### WHAT THE TASK ASKS
If a record holds a picture, drop the picture and return the rest of the record word for word.
▽
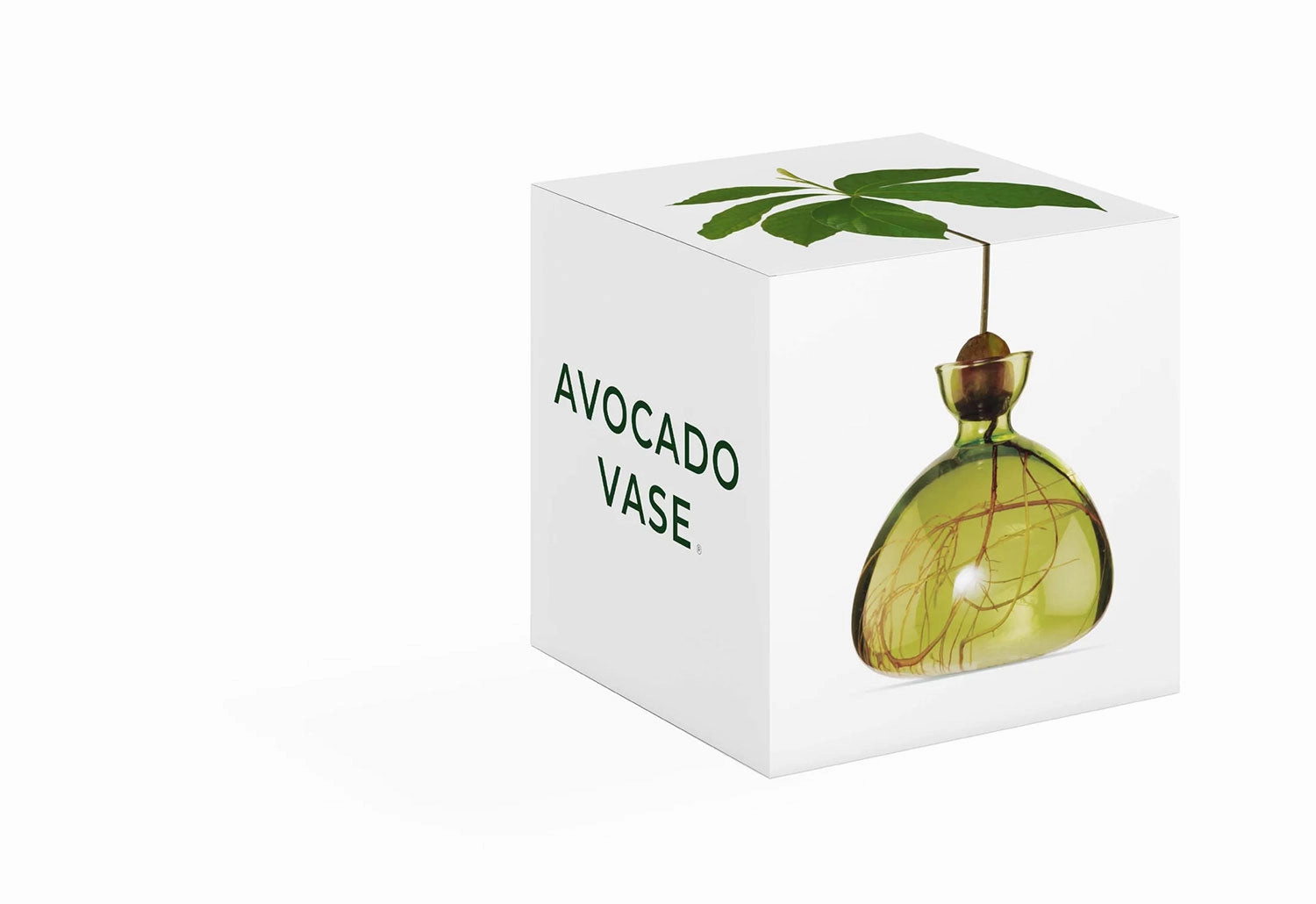 Avocado Vase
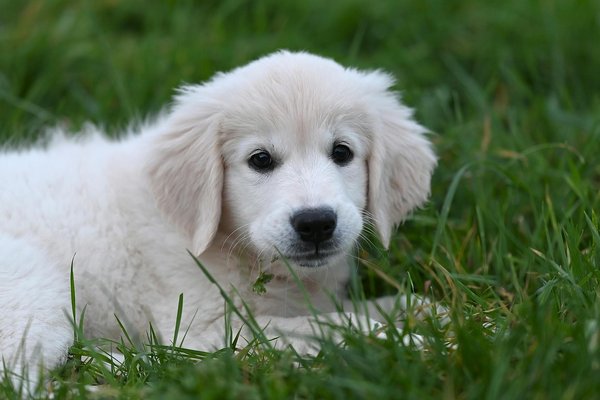 Welke invloed heeft klimaatverandering op wilde dieren?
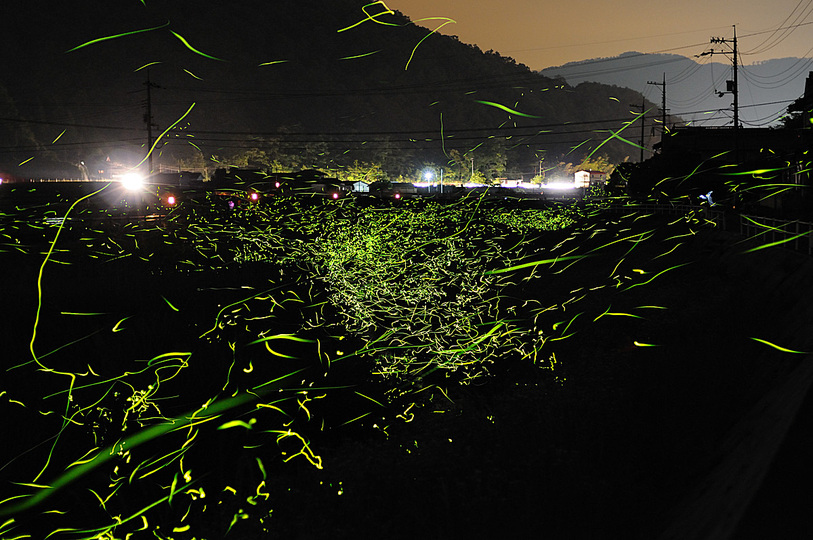 Fireflies: 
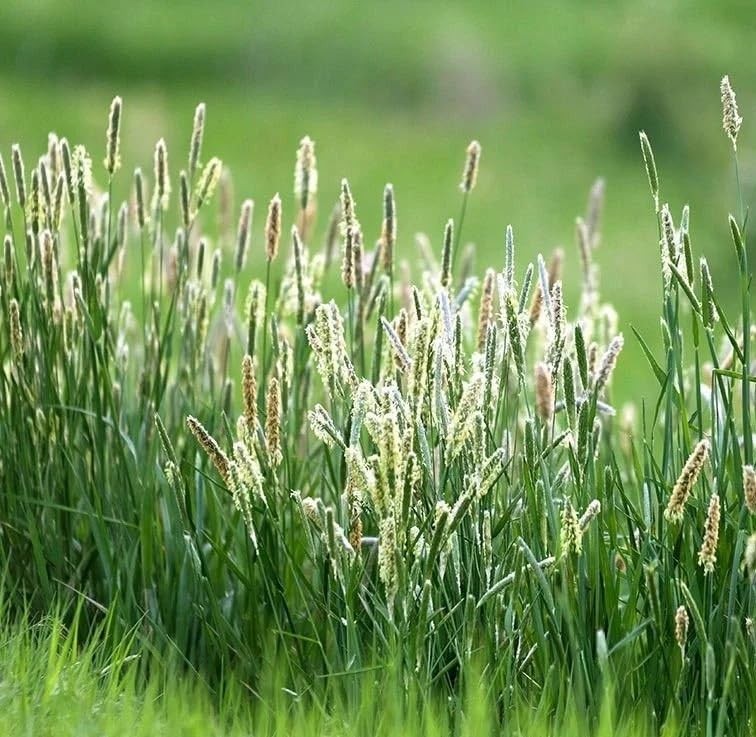 Climax Timothy Grass Seeds, 5 Pounds Pack by
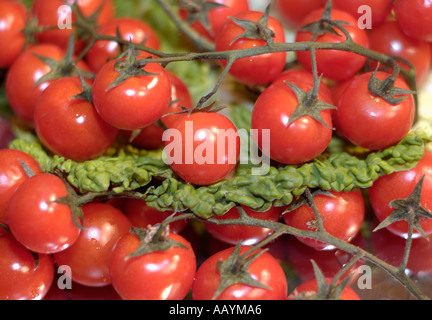 Kirschtomaten Stockfoto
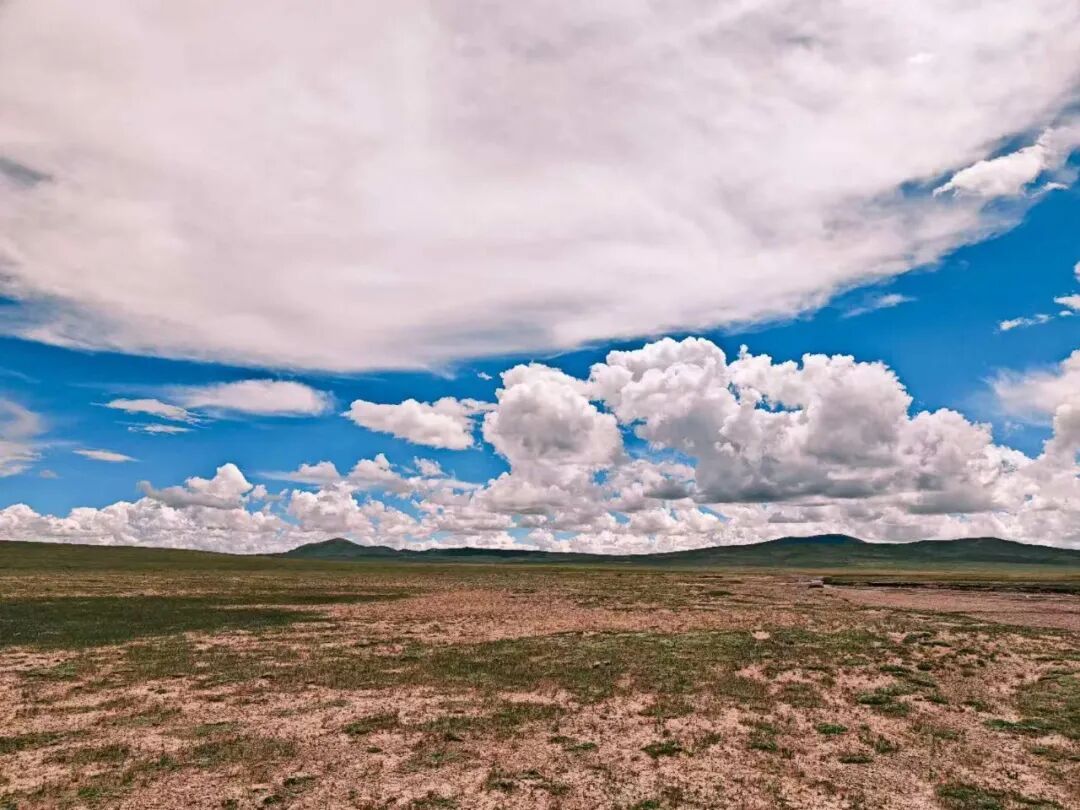 看完《生命树》才懂:可可西里的“残酷”天气,从不是演的 看完《生命树》才懂:可可西里的“残酷”天气,从不是演的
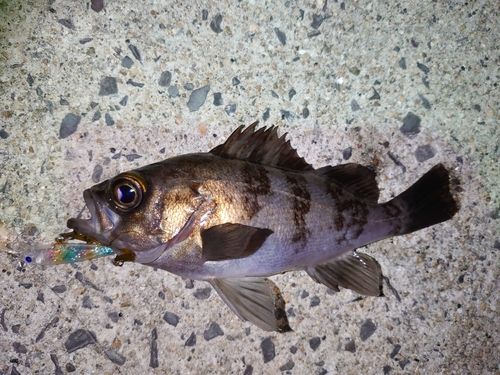 メバルの釣果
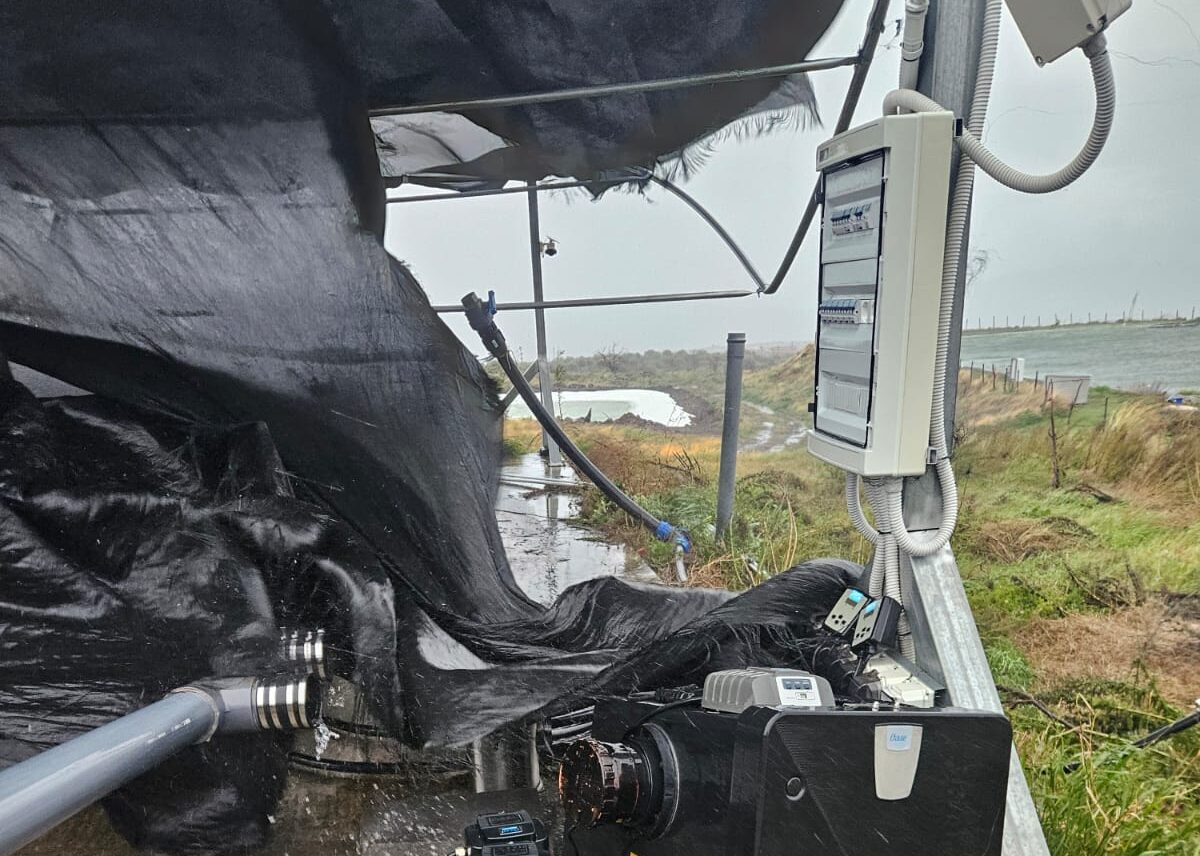 Maltempo, Coldiretti Sicilia: “Danni per migliaia di euro”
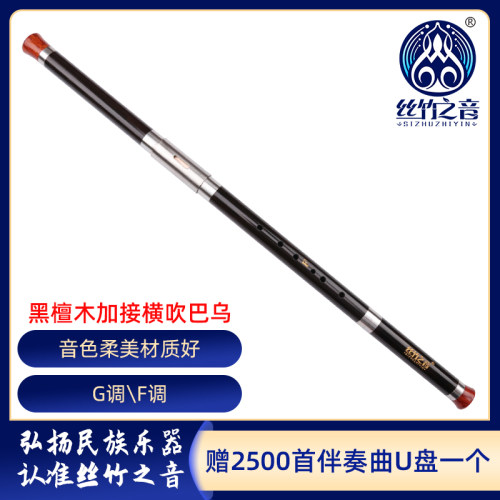 巴乌横吹儿童初学入门黑檀木成人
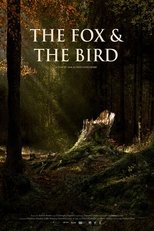 Poster de la película The Fox & the Bird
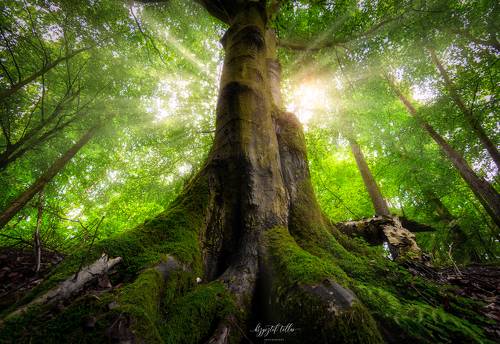 Ranger of the Forest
△
### FINISHED TASK
 Avocado Vase
 Welke invloed heeft klimaatverandering op wilde dieren?
 Fireflies: 
 Climax Timothy Grass Seeds, 5 Pounds Pack by
 Kirschtomaten Stockfoto
 看完《生命树》才懂:可可西里的“残酷”天气,从不是演的 看完《生命树》才懂:可可西里的“残酷”天气,从不是演的
 メバルの釣果
 Maltempo, Coldiretti Sicilia: “Danni per migliaia di euro”
 巴乌横吹儿童初学入门黑檀木成人
 Poster de la película The Fox & the Bird
 Ranger of the Forest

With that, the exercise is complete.